Normally I would apologize for such egregious thread necromancy, but since this was my very first thread on the OS Dev forum (back when it was at Mega-Tokyo), I don't feel too bad about it.
beyond infinity wrote:Anyway - it would be very interesting to have a sniff at QNX source code. But alas, ere this thing gonna happen the sun shines at midnight over the aequator.
And lo, the sun shone at midnight over the equator.
Here is the QNX source code, as announced on another thread. More importantly,
here is an awesome wiki article that answers my three-year old questions about how to achieve pre-emption in a kernel that was not designed for SMP (I won't say "non-reentrant" anymore, since I was confused before and mis-using the term).
The answer is so deceptively simple, and it was under my nose all along, but I didn't see it:
Kernel locking
In a uniprocessor system, only one thread is allowed to execute within the microkernel at a time. Most kernel operations are short in duration (typically a few microseconds on a Pentium-class processor). The microkernel is also designed to be completely preemptable and restartable for those operations that take more time. This design keeps the microkernel lean and fast without the need for large numbers of fine-grained locks. It is interesting to note that placing many locks in the main code path through a kernel will noticeably slow the kernel down. Each lock typically involves processor bus transactions, which can cause processor stalls.

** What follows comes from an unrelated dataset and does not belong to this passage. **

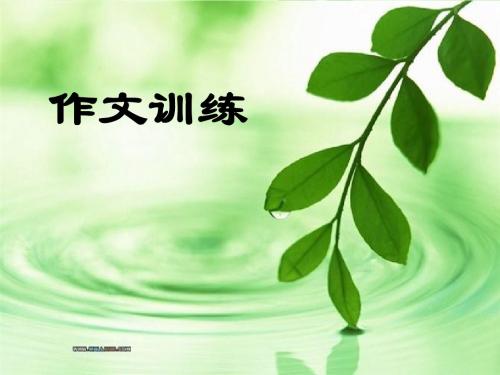 作文训练(议论方法)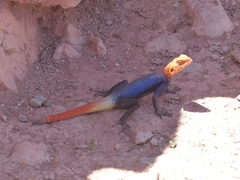 Agama planiceps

In an SMP system, QNX Neutrino maintains this philosophy of only one thread in a preemptable and restartable kernel. The microkernel may be entered on any processor, but only one processor will be granted access at a time.
The magic word that I always wondered about but never figured out is "restartable".

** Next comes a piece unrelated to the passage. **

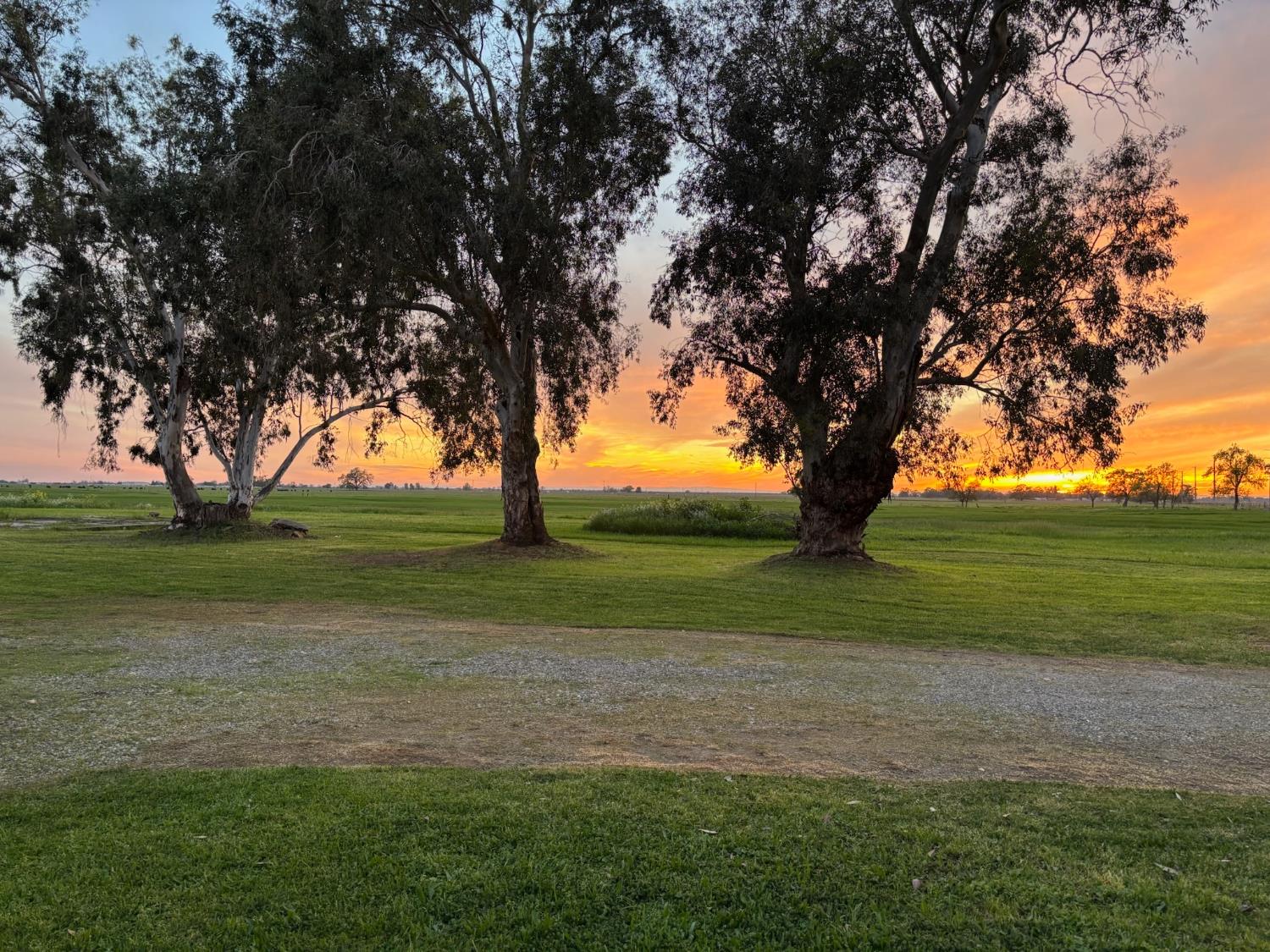 3027 West Wise Road Lincoln, CA 95648 - Photo 38 of 41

In all other pre-emptible kernels I know of, each thread has its own kernel stack. Pre-empting the kernel in these systems is tantamount to switching threads, where the thread being suspended just happens to be running in kernel mode. It was conventional wisdom (or so I thought) that kernels with only a single kernel stack (per-processor, usually) are not pre-emptible. What confused me about the publicly available QNX documentation was that it suggested (but never confirmed) that QNX has only a single kernel stack, which would be protected by this global lock they kept hinting at.
QNX does in fact have only a single kernel stack per CPU, and most of its kernel is protected by what I guess I would describe as a custom spinlock (basically a bitmask that other CPUs can spin on). When a thread makes a system call on a CPU, it traps to the kernel and obtains the lock by setting the "in kernel" bit. It also disables pre-emption briefly by setting the "lock" bit while its context is saved to its TCB and the CPU switches to the kernel stack. Then, it clears the "lock" bit while doing work that is safe to be pre-empted. If a thread on another CPU makes a system call, it will trap and then immediately spin waiting for the "in kernel" bit to clear. Note that interrupts are enabled nearly all the time while this is happening (they are only disabled while switching to and from the kernel stack and while running the scheduler), and a CPU that is spinning waiting to enter the kernel can still handle interrupts. IPIs are used to notify the CPU that is running the kernel of any changes to the readiness of threads that might require the kernel to be pre-empted.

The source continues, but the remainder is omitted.